O núcleo protagonizado por Octavio e Suzana conta com uma performance apaixonada de Gael Garcia Bernal, interpretando um jovem apaixonado e, dentro do possível, bom, que quer apenas ganhar dinheiro para mudar de vida e salvar a cunhada do irmão abusivo. O jogo de gato e rato que os três protagonizam interessa justamente por estar fadado a tragédia, seja coletiva ou individual e Iñárritu demonstrava ali a habilidade de dirigir seus atores, sendo que em diversos momentos eles comunicam as sensações do roteiro de Guillermo Arriaga apenas com olhares. A câmera na mão faz bem o trabalho de nos colocar dentro daquela casa espremida e também de reforçar a instabilidade da vida e da índole daqueles personagens.
O segundo ato toma uma drástica mudança de cenário, sendo que o acidente provocado por Octavio acaba por tirar a perna de Valeria, uma supermodelo recém promovida de amante a mulher (e, por favor, digo isso do ponto de vista do personagem, não meu). Porém, seu marido, um editor de revista e acostumado com os visuais, não consegue lidar bem com a deterioração exterior e interior da mulher que o fez deixar a mãe de seus filhos por oferecer uma vida menos “chata”. E se a decadência da beleza já seria o suficiente para tornar esta sub-trama em algo conceitualmente valioso, Iñárritu ainda brinca de Godard ao parar a câmera em diversos ângulos do apartamento espaçoso dos dois, que começa a refletir a relação também decante entre eles. Ainda assim, talvez por representarem o outdoor e a fama, este seja o arco menos empático de todo o filme.

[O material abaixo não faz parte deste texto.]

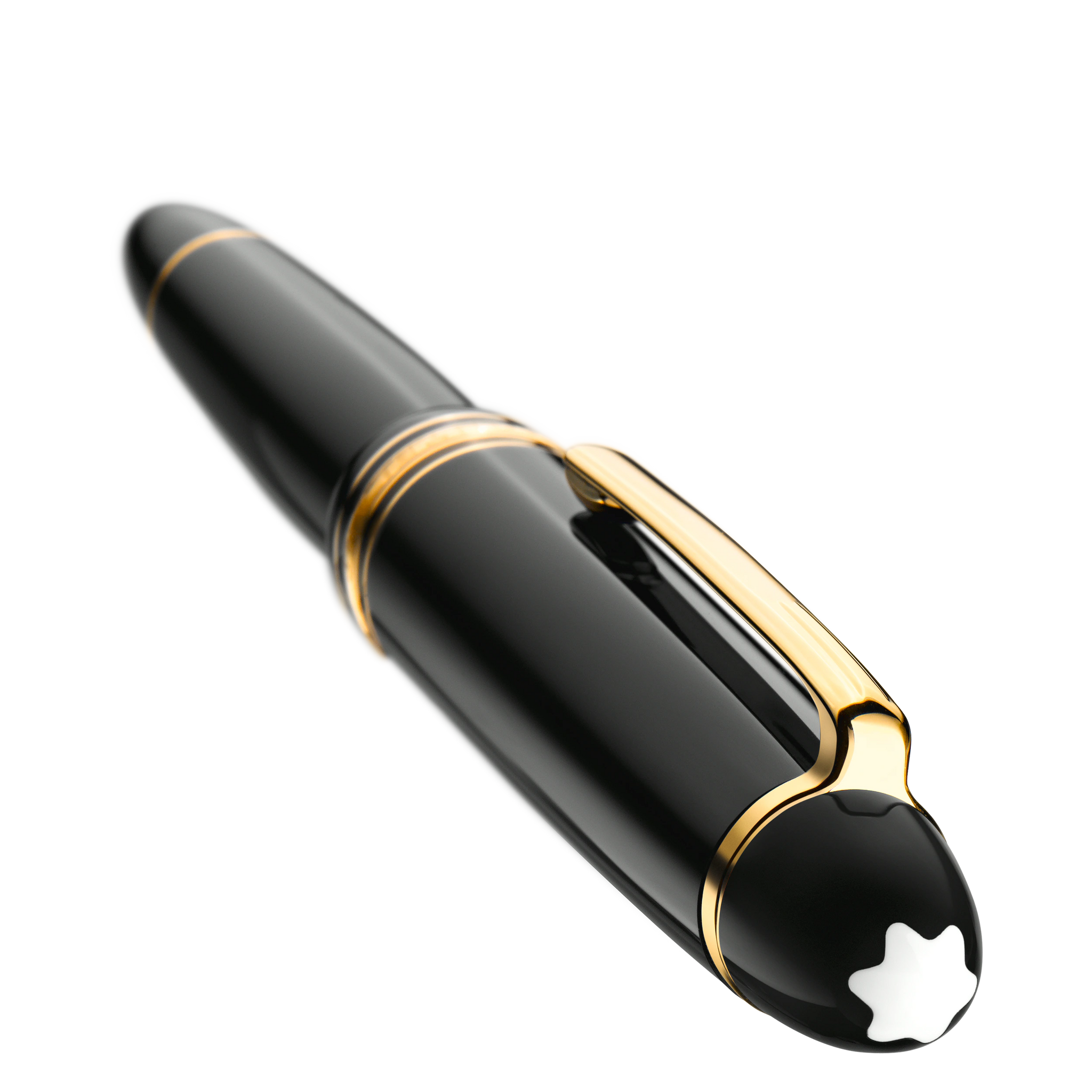 Montblanc Meisterstück LeGrand 146 Gold-Coated Fountain Pen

Já o ato final é o mais exaustivo (no bom sentido), graças a uma performance visceral de Emilio Echevarría como um mendigo/assassino serial/pai/amante de cachorros. A simples maneira como o homem leva a vida é enigmática, o modo como opera para executar suas vítimas é meticuloso - e reforçado por uma quase irônica trilha, movida a uma batida incessante - e a resolução de seu ato é comovente por vermos um ser até então implacável se despedaçar em nossa frente. Aqui Iñárritu brinca com perspectivas, fazendo “corpos” ficarem na frente de outros, escondendo, revelando, ofuscando, algo que visivelmente aterroriza aqueles que sabem o que a presença de El Chivo significa.
Claramente inspirado por “Pulp Fiction” em sua estrutura, “Amores Perros” se mostrou influente na década seguinte e é possível ver traços de seus temas e visuais no jovem clássico “Onde os Fracos Não Tem Vez”, por exemplo. Em seu primeiro longa Iñárritu já mostrava sua afinidade por projetos singulares, mas apesar de conseguir se superar posteriormente na carreira, jamais igualaria a crueza de sua estreia.
E se você acha estranho que em um filme sobre cachorros eu não tenha falado sobre o papel deles na narrativa até agora, é porque a genialidade de “Amores Perros” é sutil. Em seu primeiro ato, cachorros representam esperança de uma vida melhor. No segundo, amparo em um momento difícil. Em seu terceiro, o conforto por uma perda inestimável. Em todos, eles estão inseridos em meios violentos e acabam por inspirar violência em seus donos: seja nas lutas, seja nas discussões, seja na nauseante cena onde Cofi faz a única coisa que lhe fora ensinado a fazer e que finaliza o arco dos caninos, e dos humanos, de forma triste, trágica e o pior, circular.
“Amores Perros” é um filme brutal. E Inesquecível.
9
*É interessante apontar que o filme teve papel fundamental em tornar ilegal a luta de cachorros no México, algo que aconteceu apenas em 2017.